Retype, word for word, the line holding "Su-34 Fighters at" and each line after it down to the end of the data; pictures are not copied.

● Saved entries

- - - - - - -

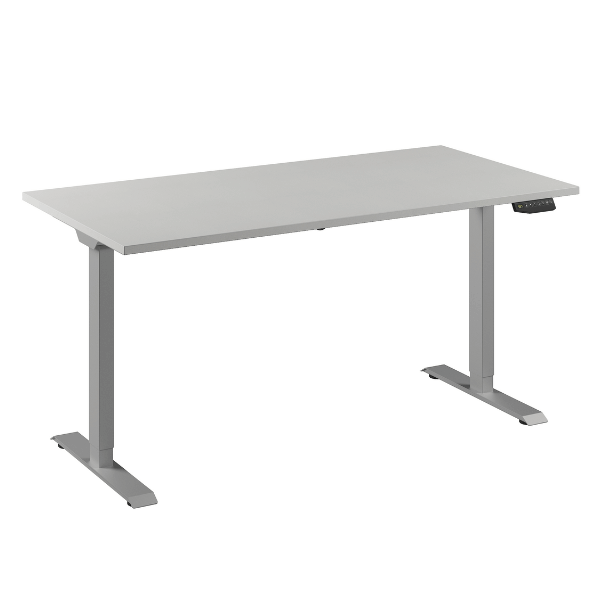 Bureau Flex 1 60x80 aluminium/wit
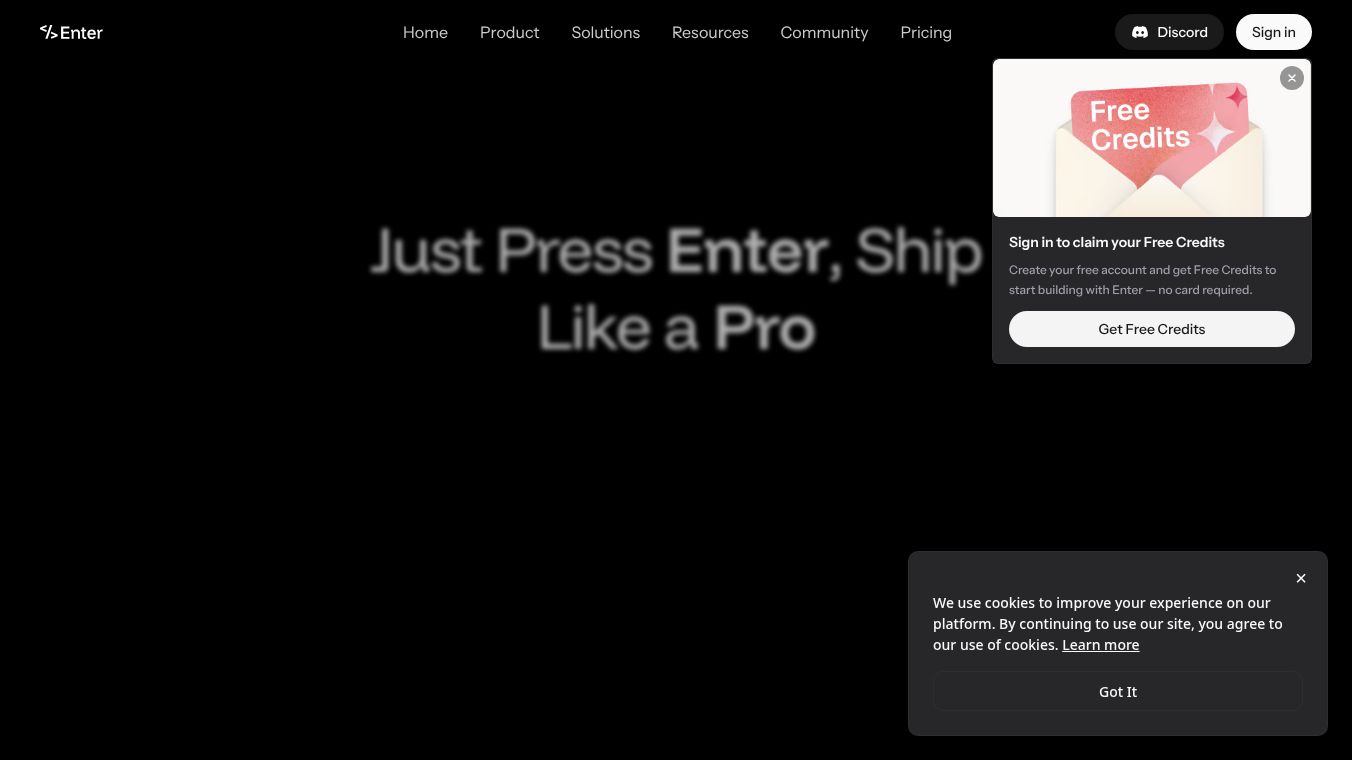 Enter Pro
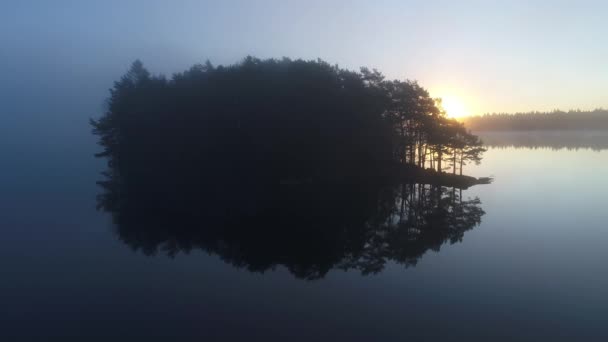美丽落日的风景如画 — 图库视频影像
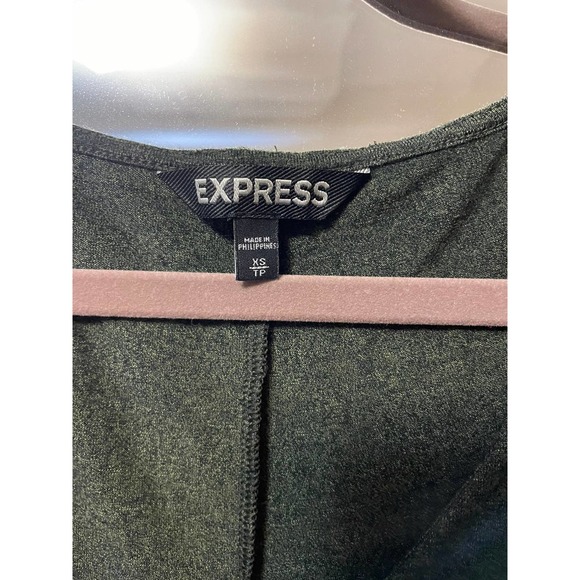 Dark Olive Express Longsleeve Dress XS - Picture 3 of 3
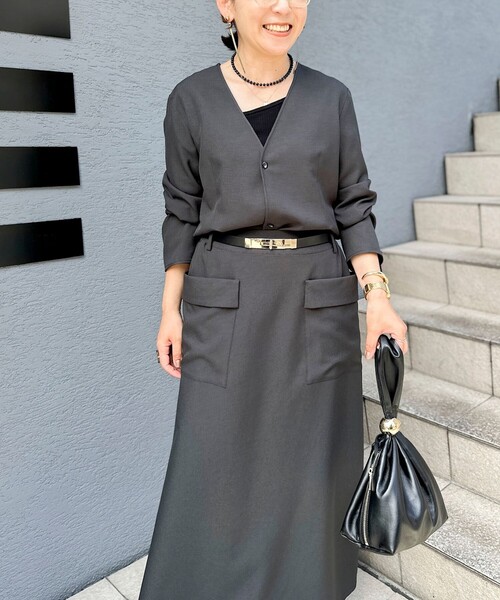 新品未使用　24AW Rie Miller ミリタリージャケット Rie Miller（リエミラー） ジャケット ノーカラージャケット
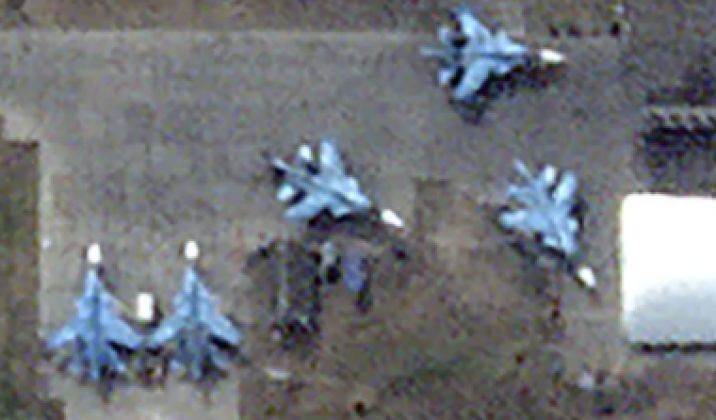 Su-34 Fighters at Morosovsk Airfield After Ukrainian Drone Attack in June 2024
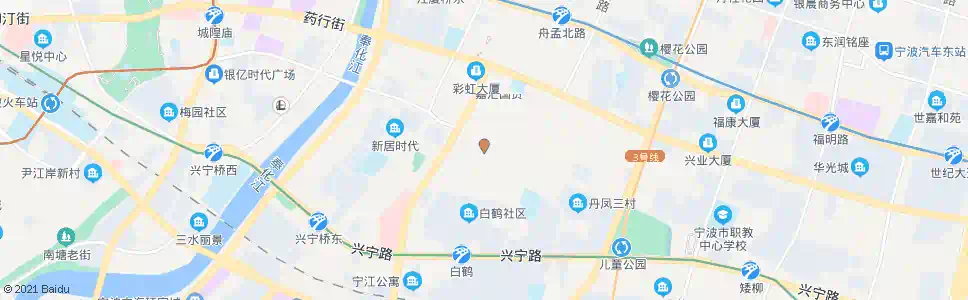 宁波荷花二村(市自来水总公司)_公交站地图_宁波公交_妙搜公交查询2025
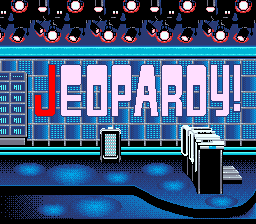 Jeopardy! (SNES) screenshot: Title screen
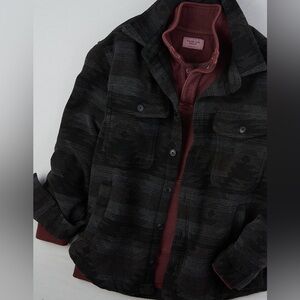 American Eagle Men’s Corduroy Shirt Jacket Size Large Oversized-Fit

- - - - - - -

● Your response
 Su-34 Fighters at Morosovsk Airfield After Ukrainian Drone Attack in June 2024
 宁波荷花二村(市自来水总公司)_公交站地图_宁波公交_妙搜公交查询2025
 Jeopardy! (SNES) screenshot: Title screen
 American Eagle Men’s Corduroy Shirt Jacket Size Large Oversized-Fit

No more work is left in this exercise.